Les armées françaises ont combattu en ex-Yougoslavie et en Libye. Elles continuent de le faire en Afghanistan. Quand la France doit-elle entrer en guerre dans un conflit qui ne concerne pas son territoire ?

Bernard Thorette. Si l’on s’en tient à son acception classique, la guerre suppose un acte juridique : une déclaration. La France a déclaré la guerre en 1914, en 1939... Mais elle ne l’a fait ni en Indochine, ni en Algérie. De même, l’intervention en Bosnie a évidemment été vécue comme une guerre par les combattants et les civils qui l’ont faite ou subie, mais les pays occidentaux qui s’y sont engagés ne sont pas formellement entrés en guerre. Au départ, ils entendaient simplement intervenir dans le cadre d’une mission d’interposition de l’ONU. Et ce n’est que par la suite qu’ils ont été amenés à participer à des combats. En Afghanistan de même, la France est aujourd’hui impliquée sans avoir jamais déclaré entrer en guerre. La décision d’employer la force militaire en Libye est sans doute ce qui ressemble le plus à une entrée en guerre, mais là encore sans en avoir la forme juridique stricte. Il faut sans doute sortir de la définition classique de la guerre, trop restrictive, face à la complexité des conflits d’aujourd’hui.

Alain Joxe. Il y a guerre à mon sens lorsque des unités militaires au sens large, et donc pas uniquement des armées régulières, sont au combat. Il s’agit d’un phénomène socialement collectif dans lequel les corps armés en présence représentent, de fait sinon de droit, une identité politique. Cette définition me paraît mieux correspondre à la réalité actuelle.
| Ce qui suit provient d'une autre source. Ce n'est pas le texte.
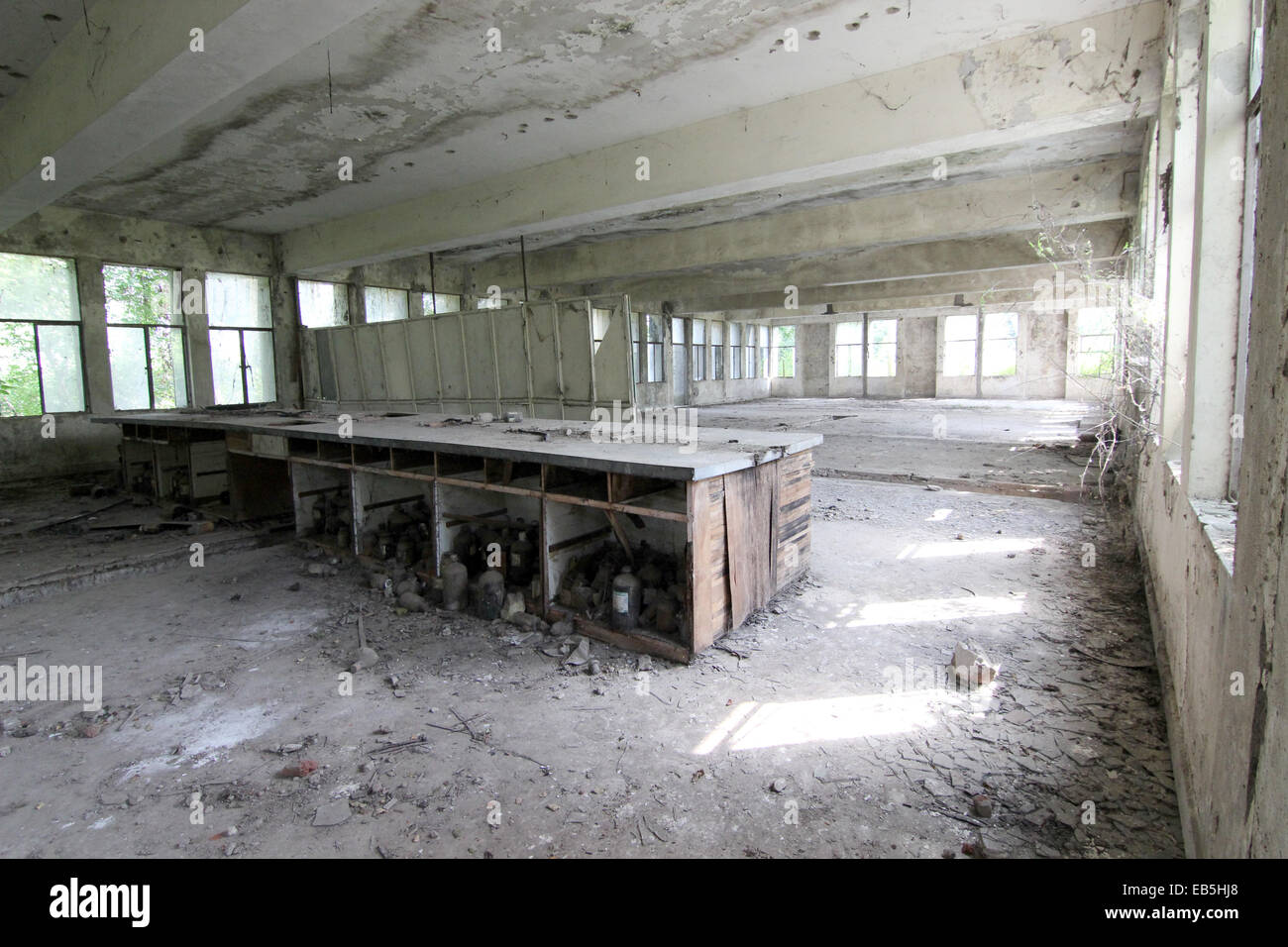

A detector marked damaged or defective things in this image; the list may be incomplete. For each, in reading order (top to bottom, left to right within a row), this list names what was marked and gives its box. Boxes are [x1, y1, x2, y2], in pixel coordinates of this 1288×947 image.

broken window [0, 254, 85, 416]
broken window [103, 262, 185, 408]
broken window [207, 273, 275, 406]
broken window [295, 277, 347, 329]
broken window [361, 287, 406, 323]
broken window [418, 291, 460, 317]
broken window [642, 313, 662, 382]
broken window [686, 321, 705, 380]
broken window [769, 321, 789, 374]
broken window [832, 321, 864, 376]
broken window [864, 319, 892, 376]
broken window [939, 317, 979, 378]
broken window [979, 313, 1015, 376]
broken window [1070, 305, 1110, 376] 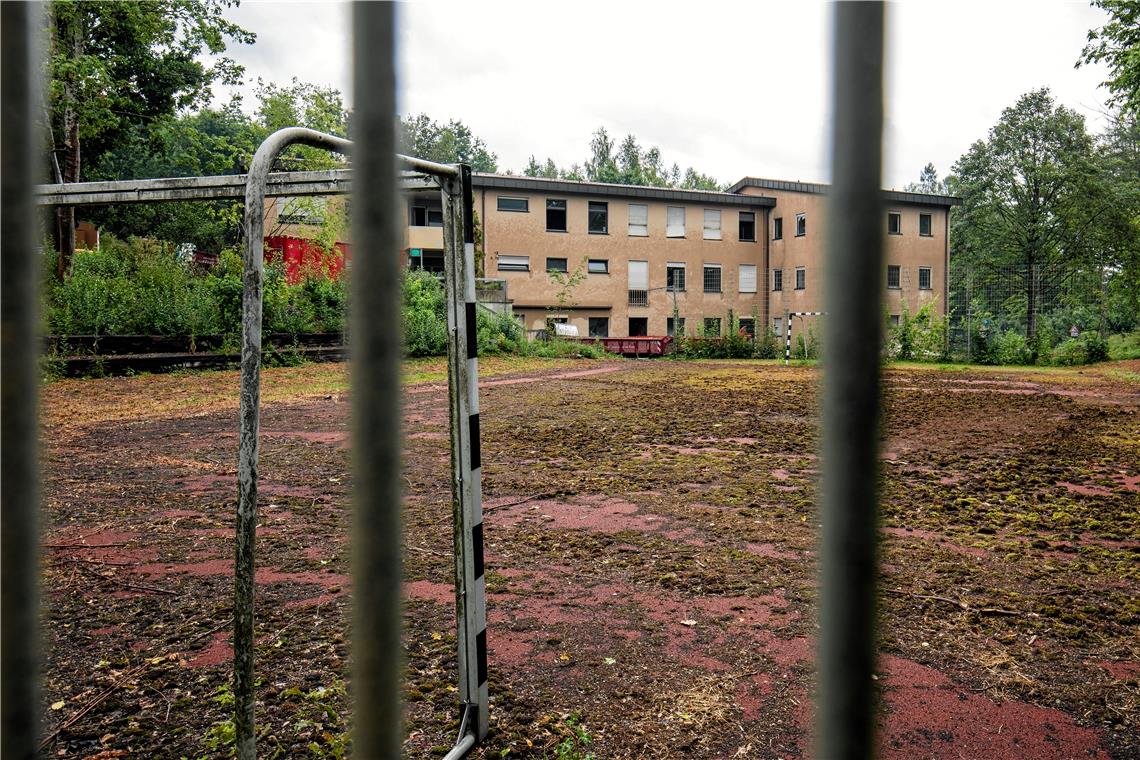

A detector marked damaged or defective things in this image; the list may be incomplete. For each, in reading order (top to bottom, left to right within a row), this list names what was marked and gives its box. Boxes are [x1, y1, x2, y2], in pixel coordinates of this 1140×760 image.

rusty metal pole [1, 2, 43, 756]
rusty metal pole [234, 126, 346, 760]
rusty metal pole [346, 2, 405, 756]
rusty metal pole [816, 2, 884, 756] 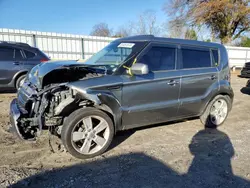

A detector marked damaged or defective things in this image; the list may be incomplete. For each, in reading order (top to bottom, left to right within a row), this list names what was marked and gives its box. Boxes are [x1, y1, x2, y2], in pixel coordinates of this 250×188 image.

damaged kia soul [9, 35, 232, 159]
Plutôt que d’une entrée en guerre, il faudrait dire que la France décide une opération militaire, qui devient une guerre si elle rencontre sur le terrain une opposition armée organisée.

Dans quels cas la France doit-elle le faire ?

B. T. Plusieurs critères entrent en jeu au moment d’en décider. L’intérêt bien sûr, qui peut être humanitaire, politique, éthique... La légitimité internationale, qui est souvent fournie par le Conseil de sécurité des Nations unies, mais l’intervention de l’Otan au Kosovo s’est faite sans cette caution. La légitimité nationale ensuite, qui est apportée par un vote du Parlement, lequel en France n’intervient généralement qu’en cours de conflit, et aussi par le soutien de l’opinion publique, plus difficile à mesurer. Deux autres critères, techniques, doivent aussi être pris en compte. Le pays a-t-il la capacité, les moyens de tenir si la crise dure ? Comment envisage-t-il les sorties possibles au conflit ?

A. J. En pratique, la légitimité nationale sera d’autant plus forte qu’elle coïncidera avec les intérêts bien compris du pays qui a recours à la force armée. L’intervention de la France en Libye peut s’expliquer à la fois par sa volonté d’aider les démocrates de ce pays à se libérer d’un tyran que Paris avait auparavant soutenu, mais aussi de ne pas laisser les ressources pétrolières sombrer dans l’anarchie ou lui échapper totalement. Une raison idéaliste et une raison réaliste.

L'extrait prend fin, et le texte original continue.